E abaixo um blues para o cinza dos céus do nosso litoral norte paulista.


“Há um êxtase que marca o apogeu da vida, além do qual a vida não se pode elevar mais. E tal é o paradoxo da existência, que esse êxtase surge quando se está mais vivo e surge sob a forma do completo esquecimento da própria vida. Esse êxtase, esse esquecimento de si, atinge o artista, surpreendido, em transe, num lençol de chamas, atinge o soldado, enlouquecido pela guerra, que numa batalha perdida recusa trégua e atingiu Buck, ao conduzir a matilha, soltando o antigo brado do lobo, perseguindo o alimento vivo que corria velozmente à sua frente, sob o luar.

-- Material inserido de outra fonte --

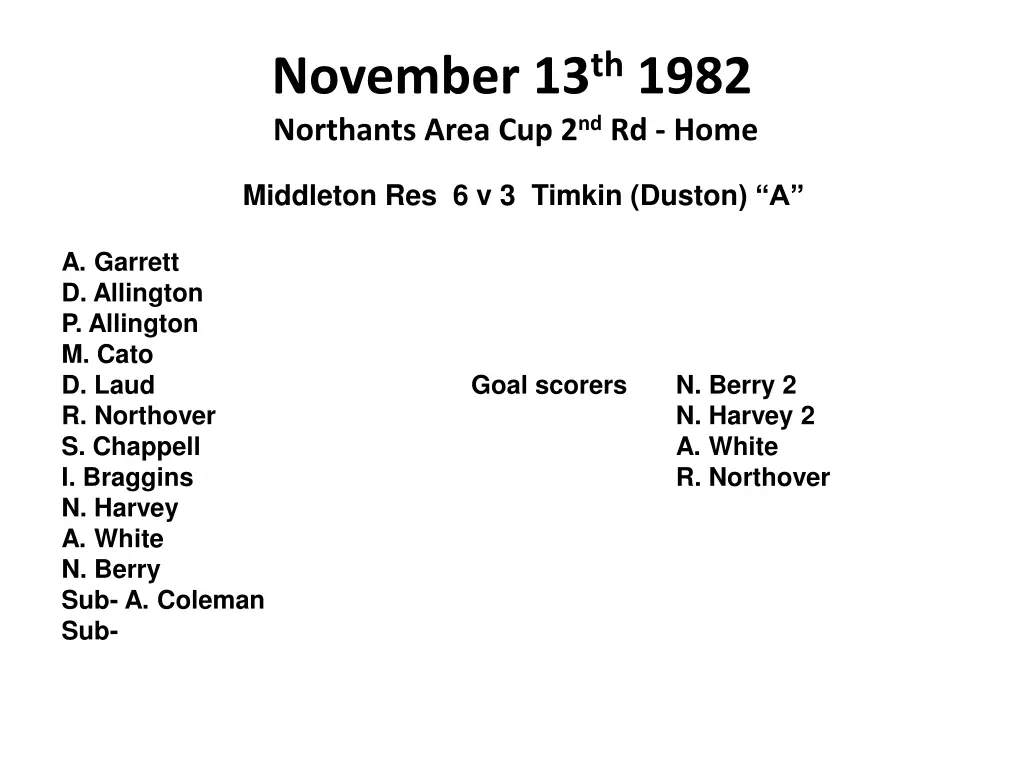 november 13 th 1982 northants area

Estava explorando o que de mais profundo havia na sua natureza e, além de si mesmo, recuava até às entranhas do próprio tempo. Dominava-o uma pura explosão de vida, uma onda de euforia, a alegria perfeita de cada músculo, de cada articulação, a plenitude do sentimento de não estar morto, de ser pleno de cor e exuberância, exprimindo-se pelo movimento, voando exultante sob as estrelas e sobre a face da matéria morta e imóvel”. (Jack London, em O Apelo da Selva).